In deze zaak heeft de kantonrechter van de Rechtbank Zeeland-West-Brabant op 7 juni 2024 uitspraak gedaan in een beroep tegen een verkeersboete. De betrokkene had een boete ontvangen voor het parkeren op een vergunninghoudersplaats zonder de vereiste vergunning. De gemachtigde van de betrokkene heeft beroep aangetekend bij de officier van justitie, die het beroep ongegrond verklaarde. Hierop heeft de gemachtigde beroep ingesteld bij de kantonrechter. Tijdens de zitting op 7 juni 2024 was de betrokkene niet aanwezig, maar de officier van justitie was vertegenwoordigd door mr. A. de Vreeze.
De kantonrechter heeft vastgesteld dat de gedraging waarvoor de boete is opgelegd, voldoende is aangetoond door de verklaring van de verbalisant. De kantonrechter heeft echter ook rekening gehouden met de omstandigheden die de gemachtigde heeft aangevoerd, waaronder de schending van de hoorplicht door de officier van justitie. De kantonrechter heeft geoordeeld dat de betrokkene niet in de gelegenheid is gesteld om te worden gehoord, wat in strijd is met de wet. Dit heeft geleid tot de conclusie dat het beroep gegrond is en de beslissing van de officier van justitie vernietigd moet worden.
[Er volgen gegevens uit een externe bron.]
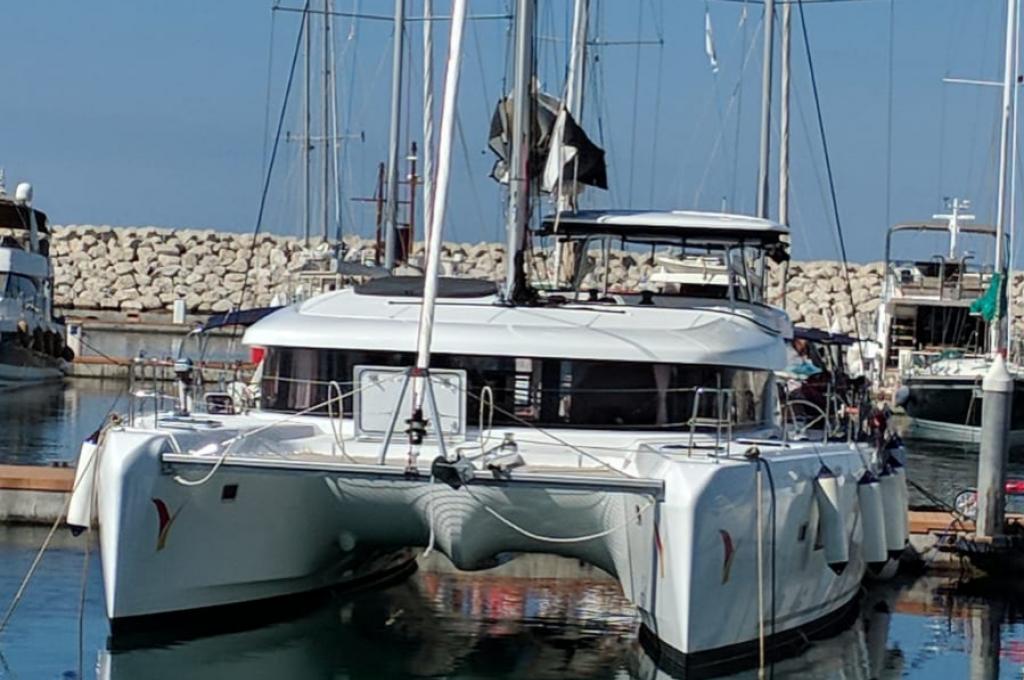 Original-Foto eines Kunden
Daarnaast heeft de kantonrechter vastgesteld dat er sprake is van een schending van de redelijke termijn, aangezien de procedure langer dan twee jaar heeft geduurd. Dit heeft geleid tot een verdere matiging van de boete. Uiteindelijk heeft de kantonrechter besloten de boete te matigen tot € 42,19, plus administratiekosten, en heeft de officier van justitie opgedragen het teveel betaalde bedrag aan de betrokkene terug te betalen. De uitspraak is openbaar gedaan en er is geen mogelijkheid tot hoger beroep.